Par Bernard Poiseuil le 11 novembre 2016

Au lendemain des temps forts de l’année sportive (Roland-Garros, Euro de foot, Tour de France, JO de Rio...), plongée – en trois parties - dans le monde précaire et hétérogène des intermittents qui travaillent à la retransmission des compétitions.*

Du 10 juin au 10 juillet, à l’occasion de l’Euro de football, l’heure était à la mobilisation. Des vingt-quatre équipes finalistes, bien sûr, et de leurs milliers de supporters en villégiature en France, mais aussi des 1 900 professionnels, intermittents pour la plupart, en charge de la production de l’événement et... des inspecteurs du travail.

« Nous sommes prévenus que des contrôles seront menés à l’IBC et sur les stades afin de s’assurer que tant les prestataires d’UEFA Euro 2016 – la société créée pour l’occasion – que les diffuseurs présents sur place respectent la législation française en la matière », annonçait Franck Choquard, directeur d’European Production Coordination (EPC/Eurovision), une structure créée en 2008 par l’Union européenne de radio-télévision (UER), quelques jours avant le début de la compétition.

Que ce type d’événement puisse favoriser les entorses au droit du travail (un jour de repos par semaine et une durée maximale hebdomadaire de 48 heures, ou 60 heures par dérogation) n’a en réalité rien d’étonnant.

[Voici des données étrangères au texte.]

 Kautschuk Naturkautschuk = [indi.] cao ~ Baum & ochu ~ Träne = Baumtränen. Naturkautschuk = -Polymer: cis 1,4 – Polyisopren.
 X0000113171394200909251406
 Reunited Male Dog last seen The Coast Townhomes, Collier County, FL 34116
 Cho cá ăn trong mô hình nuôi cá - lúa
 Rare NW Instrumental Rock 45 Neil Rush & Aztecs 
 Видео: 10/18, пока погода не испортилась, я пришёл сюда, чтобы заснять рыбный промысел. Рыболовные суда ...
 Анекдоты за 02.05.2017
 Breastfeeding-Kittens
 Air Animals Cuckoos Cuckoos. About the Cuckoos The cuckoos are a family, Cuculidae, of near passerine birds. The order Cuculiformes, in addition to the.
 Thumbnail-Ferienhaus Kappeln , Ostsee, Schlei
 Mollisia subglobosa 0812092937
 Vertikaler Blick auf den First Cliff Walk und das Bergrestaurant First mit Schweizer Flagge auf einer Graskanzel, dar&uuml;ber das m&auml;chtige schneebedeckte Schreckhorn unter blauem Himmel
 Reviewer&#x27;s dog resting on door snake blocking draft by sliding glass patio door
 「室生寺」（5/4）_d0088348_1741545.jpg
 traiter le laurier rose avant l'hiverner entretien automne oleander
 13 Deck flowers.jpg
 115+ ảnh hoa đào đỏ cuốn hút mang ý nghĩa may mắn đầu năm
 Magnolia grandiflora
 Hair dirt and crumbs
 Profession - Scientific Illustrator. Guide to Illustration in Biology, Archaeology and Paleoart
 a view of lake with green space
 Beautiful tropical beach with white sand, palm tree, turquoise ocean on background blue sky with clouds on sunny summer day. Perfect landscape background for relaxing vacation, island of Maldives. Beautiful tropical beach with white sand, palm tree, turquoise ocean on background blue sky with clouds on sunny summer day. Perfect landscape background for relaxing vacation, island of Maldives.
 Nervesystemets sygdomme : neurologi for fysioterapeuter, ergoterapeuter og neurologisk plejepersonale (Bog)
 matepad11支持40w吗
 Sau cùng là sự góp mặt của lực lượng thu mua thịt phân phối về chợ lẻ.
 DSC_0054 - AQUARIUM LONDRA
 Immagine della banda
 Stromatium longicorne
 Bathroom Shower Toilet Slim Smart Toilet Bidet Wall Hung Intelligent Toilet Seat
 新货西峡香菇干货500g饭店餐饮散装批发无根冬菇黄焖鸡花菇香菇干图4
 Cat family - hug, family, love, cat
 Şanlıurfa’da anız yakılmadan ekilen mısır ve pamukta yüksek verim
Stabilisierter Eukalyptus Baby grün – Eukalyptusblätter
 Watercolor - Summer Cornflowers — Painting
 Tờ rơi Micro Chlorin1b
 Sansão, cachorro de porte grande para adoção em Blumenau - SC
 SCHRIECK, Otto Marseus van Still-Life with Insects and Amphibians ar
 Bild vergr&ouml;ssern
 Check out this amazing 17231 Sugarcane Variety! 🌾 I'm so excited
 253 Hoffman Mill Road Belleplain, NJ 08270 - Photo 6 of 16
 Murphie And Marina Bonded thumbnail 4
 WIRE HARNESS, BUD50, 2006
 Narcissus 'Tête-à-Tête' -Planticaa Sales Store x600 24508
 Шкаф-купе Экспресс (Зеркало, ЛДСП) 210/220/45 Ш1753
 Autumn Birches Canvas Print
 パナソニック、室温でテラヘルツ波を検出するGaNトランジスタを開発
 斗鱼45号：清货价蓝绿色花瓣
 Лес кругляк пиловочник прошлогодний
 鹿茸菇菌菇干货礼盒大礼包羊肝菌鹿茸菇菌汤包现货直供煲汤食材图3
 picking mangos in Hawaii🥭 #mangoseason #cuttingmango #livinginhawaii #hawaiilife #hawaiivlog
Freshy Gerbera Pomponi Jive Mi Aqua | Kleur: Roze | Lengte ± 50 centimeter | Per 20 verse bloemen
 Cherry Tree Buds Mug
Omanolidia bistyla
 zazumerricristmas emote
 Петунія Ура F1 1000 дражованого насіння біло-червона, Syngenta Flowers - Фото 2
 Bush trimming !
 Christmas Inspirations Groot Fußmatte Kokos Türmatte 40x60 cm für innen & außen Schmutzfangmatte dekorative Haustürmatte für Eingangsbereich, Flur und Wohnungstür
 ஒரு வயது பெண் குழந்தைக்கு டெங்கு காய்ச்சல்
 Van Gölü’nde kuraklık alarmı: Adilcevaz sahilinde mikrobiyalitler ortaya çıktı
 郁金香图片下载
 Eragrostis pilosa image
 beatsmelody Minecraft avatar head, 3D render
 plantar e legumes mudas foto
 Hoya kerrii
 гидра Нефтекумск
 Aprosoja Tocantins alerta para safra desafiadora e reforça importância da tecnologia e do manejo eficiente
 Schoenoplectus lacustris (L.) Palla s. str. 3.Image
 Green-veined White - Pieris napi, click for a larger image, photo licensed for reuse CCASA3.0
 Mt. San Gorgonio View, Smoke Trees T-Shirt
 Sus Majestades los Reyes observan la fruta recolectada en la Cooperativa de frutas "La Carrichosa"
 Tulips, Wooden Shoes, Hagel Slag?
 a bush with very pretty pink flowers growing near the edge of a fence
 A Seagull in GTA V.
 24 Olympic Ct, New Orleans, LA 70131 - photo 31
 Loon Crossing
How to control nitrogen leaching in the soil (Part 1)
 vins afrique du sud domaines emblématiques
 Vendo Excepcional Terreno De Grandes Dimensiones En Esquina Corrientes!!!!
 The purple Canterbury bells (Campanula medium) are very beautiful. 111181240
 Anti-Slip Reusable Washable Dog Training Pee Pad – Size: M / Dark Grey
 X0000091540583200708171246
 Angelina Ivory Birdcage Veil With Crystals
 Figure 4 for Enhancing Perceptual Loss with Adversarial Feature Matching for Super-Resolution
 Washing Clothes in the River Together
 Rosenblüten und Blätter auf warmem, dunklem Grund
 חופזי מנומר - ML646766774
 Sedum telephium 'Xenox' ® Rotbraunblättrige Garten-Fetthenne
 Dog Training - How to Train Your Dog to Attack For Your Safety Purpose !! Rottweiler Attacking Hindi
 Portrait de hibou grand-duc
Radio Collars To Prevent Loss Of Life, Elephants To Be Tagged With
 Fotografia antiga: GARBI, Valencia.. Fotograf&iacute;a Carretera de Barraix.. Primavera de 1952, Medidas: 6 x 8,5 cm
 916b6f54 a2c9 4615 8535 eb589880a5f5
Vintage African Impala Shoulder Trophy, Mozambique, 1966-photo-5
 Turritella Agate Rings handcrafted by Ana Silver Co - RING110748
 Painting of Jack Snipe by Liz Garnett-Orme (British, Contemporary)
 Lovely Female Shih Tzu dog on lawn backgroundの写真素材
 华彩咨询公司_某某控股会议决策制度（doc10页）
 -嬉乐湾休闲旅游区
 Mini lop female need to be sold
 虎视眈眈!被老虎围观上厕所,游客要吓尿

L’athlétisme en fournit un exemple. « Les sessions du matin commencent à 8h30, ce qui veut dire qu’il faut être présent dès 6h30. Les épreuves durent jusqu’à 13 heures, avant de reprendre à 16 heures. Mais le break de trois heures ne donne pas le temps de rejoindre son hôtel. Et elles se terminent à 23 heures. C’est très long et c’est tous les jours », rapporte cet ingénieur du son belge, qui a notamment travaillé sur les Mondiaux de 2011 en Corée du Sud.

Au demeurant, il est courant que des événements internationaux fassent appel à des ressources extérieures, à la demande parfois des organisations sportives elles-mêmes. Ainsi, l’Union cycliste internationale (UCI), soucieuse d’uniformiser la production de toutes les manches de la Coupe du monde et du championnat du monde de cyclo-cross, impose le même réalisateur. Et des équipes étrangères peuvent offrir une plus grande valeur ajoutée dans le traitement de certains sports, comme les Suédois ou les Norvégiens sur le biathlon.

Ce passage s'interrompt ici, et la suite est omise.